Boondocksaint375 said:


> http://en.wikipedia.org/wiki/Kurdistan_Workers_Party
> 
> Scroll down to the table, kidnapping, assassinations, attacks, etc (even a checmical attack apparently).



Cheers Mate..Is that the same Crowd in Kosovo or Am I mixing two different factions up?


----------



## Ravage (Jul 30, 2007)

> In the second phase (1984-1999), which followed the return of civilian rule in 1983, escalating attacks were made on the government's military and vital institutions all over the country. The objective was to destabilise Turkish authority through a long, low-intensity confrontation. In addition to skirmishing with Turkish military and police forces and local village guards, the PKK has conducted suicide bombing on government and police installations, as well as at local tourist sites. Kidnapping and assassination against government officials and Kurdish tribal leaders who were named as puppets of the state were performed as well. Widespread sabotages were continued from the first stage. PKK performed kidnapping western tourists, primarily in Istanbul but also at different resorts.
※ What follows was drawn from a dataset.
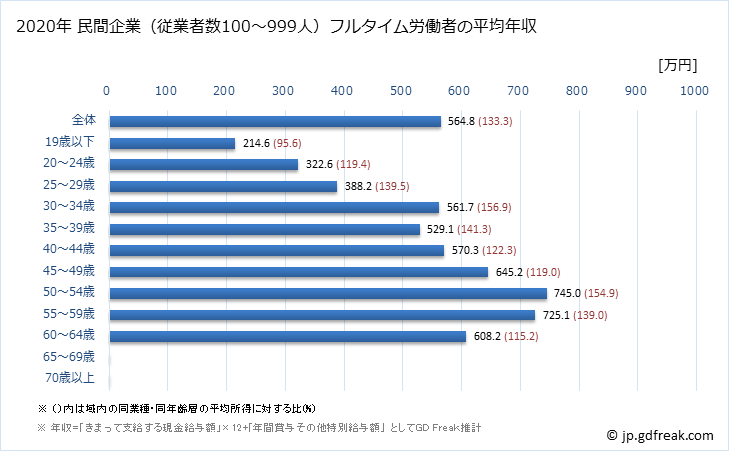 グラフ 年次 愛知県の平均年収 (金属製品製造業の常雇フルタイム) 民間企業（従業者数100～999人）フルタイム労働者の平均年収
PKK has also attacked Turkish diplomatic and commercial facilities across Western Europe.
> 
> In the third phase, or "guerrilla stage", conventional fighting was used to seize cities, overthrow the government and take control of the country. PKK seized cities during the highest activity period, and it also had consequences on the functioning of the Turkish parliament through Turkey's own election system, but there was no case during an active conflict that PKK manage to sustain its flag in a region within the borders of Turkey.



From wiki


----------



## Boondocksaint375 (Jul 30, 2007)

Irish_Army01 said:


> Cheers Mate..Is that the same Crowd in Kosovo or Am I mixing two different factions up?


 
Nah that's the UCK.


----------



## Crusader74 (Jul 30, 2007)

Boondocksaint375 said:


> Nah that's the UCK.



Roger that.Thanks Mate


----------



## pardus (Jul 30, 2007)

They went through a phase of kidnapping tourists for a while, treated them really well, became good friends etc... because they didnt want to piss of the west they just wanted publicity, they would let them go after a few months.


----------



## Zapp Brannigan (Jul 30, 2007)

The PKK is a Marxist terrorist organization through and through. Whatever legitimate aspirations Turkish Kurds have, nothing justifies terrorism. especially as practiced by the likes of the PKK.  The PKK is also yet another Syrian proxy in its shadow war against its neighbors (though there would still be a PKK without Syrian support and training camps, it would not be quite the same organization).  

After Abdullah Ocalan's capture and after 9-11 briefly made terrorism not as cool in some circles, the PKK changed its name and went on a charm offensive. They abandoned this, though, and went back to the old name and ways.  

Also, I expect the PKK has had more Kurdish victims than others, but this seems to be true of a lot of terrorist organizations claiming to act on behalf of the people who end up being their most common victims.

It is in the U.S. national security interest to aid Turkey in fighting the PKK, not just because of Iraq and not just because of U.S. bases in Turkey, though these are sufficient in themselves.  Indeed, it is in the Iraqi national interest to aid Turkey in fighting the PKK, and not just for fear of invasion. Iraqi Kurds need to prove to Turkey that fulfilling Kurdish aspirations is not a threatening proposition, or Turkish Kurds will never be trusted by Ankara.  And for what it's worth, Iraqi Kurds have cooperated with Turkey against the PKK in the past.


----------